[ASSIGNED TASK]: Keep the text of the data exactly as it is and omit each picture from the copy.

[GIVEN MATERIAL]:
****
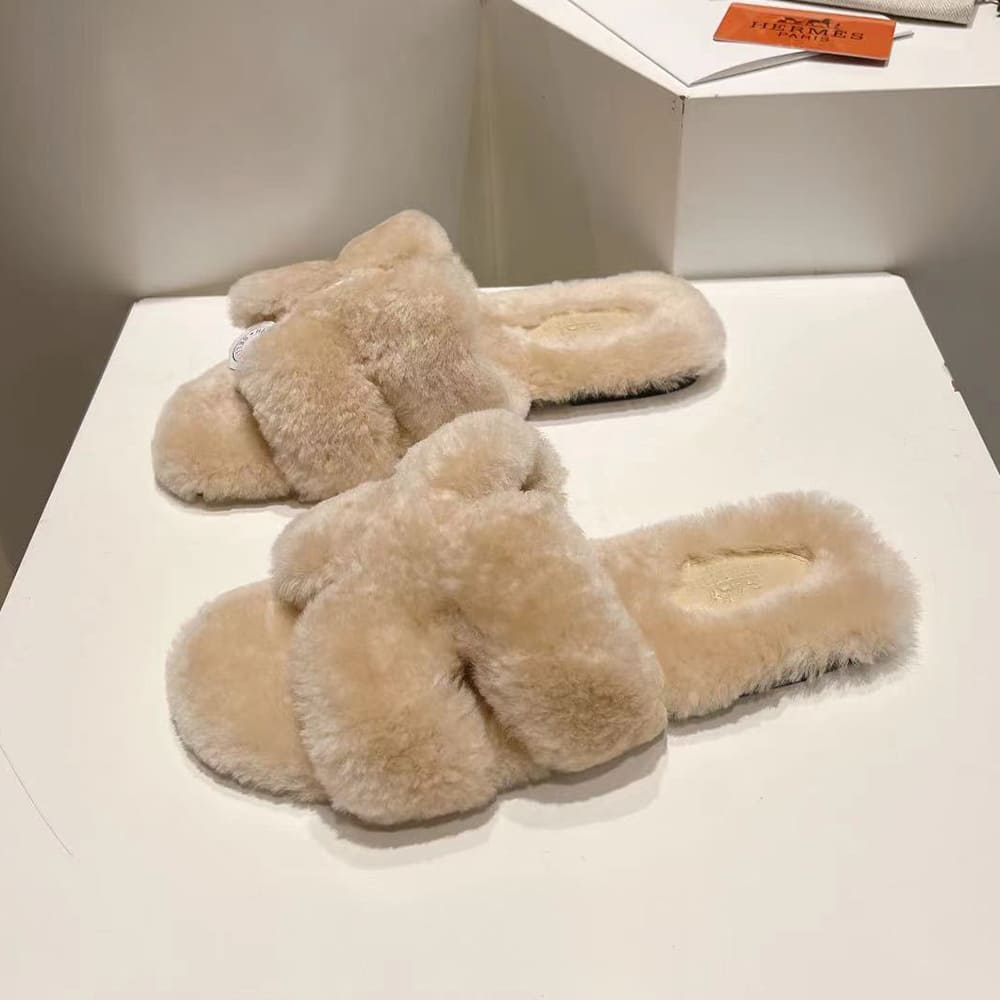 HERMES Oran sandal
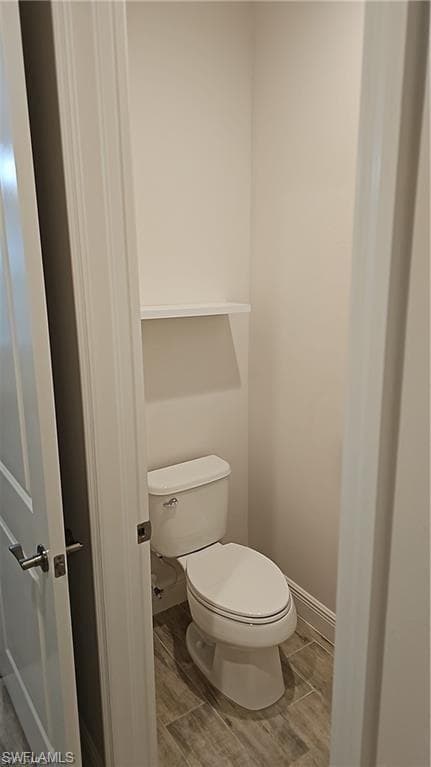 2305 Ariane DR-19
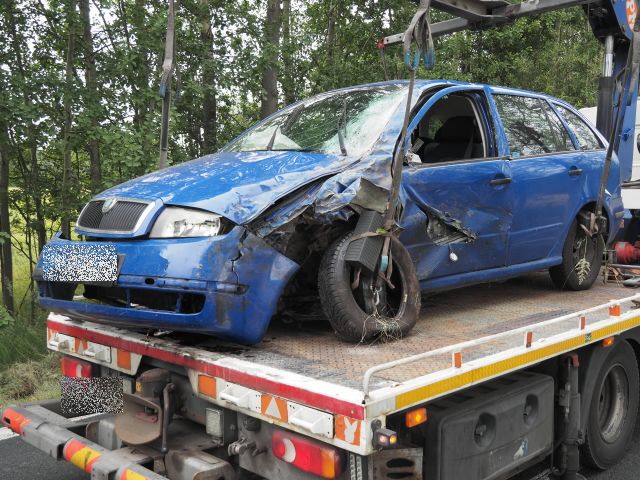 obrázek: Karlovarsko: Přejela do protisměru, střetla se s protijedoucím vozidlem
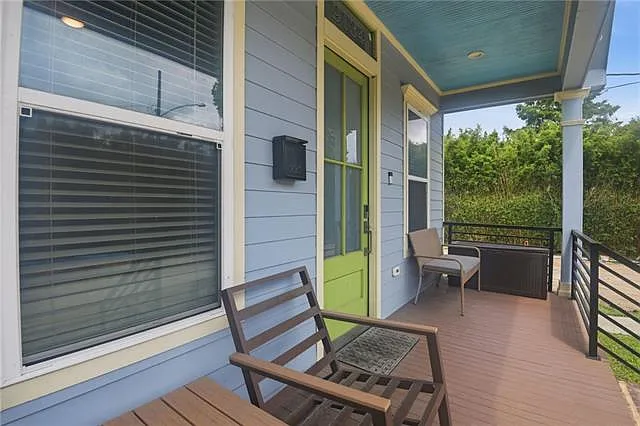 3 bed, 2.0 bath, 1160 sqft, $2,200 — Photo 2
****
[WRITTEN SOLUTION]:
 HERMES Oran sandal
 2305 Ariane DR-19
 obrázek: Karlovarsko: Přejela do protisměru, střetla se s protijedoucím vozidlem
 3 bed, 2.0 bath, 1160 sqft, $2,200 — Photo 2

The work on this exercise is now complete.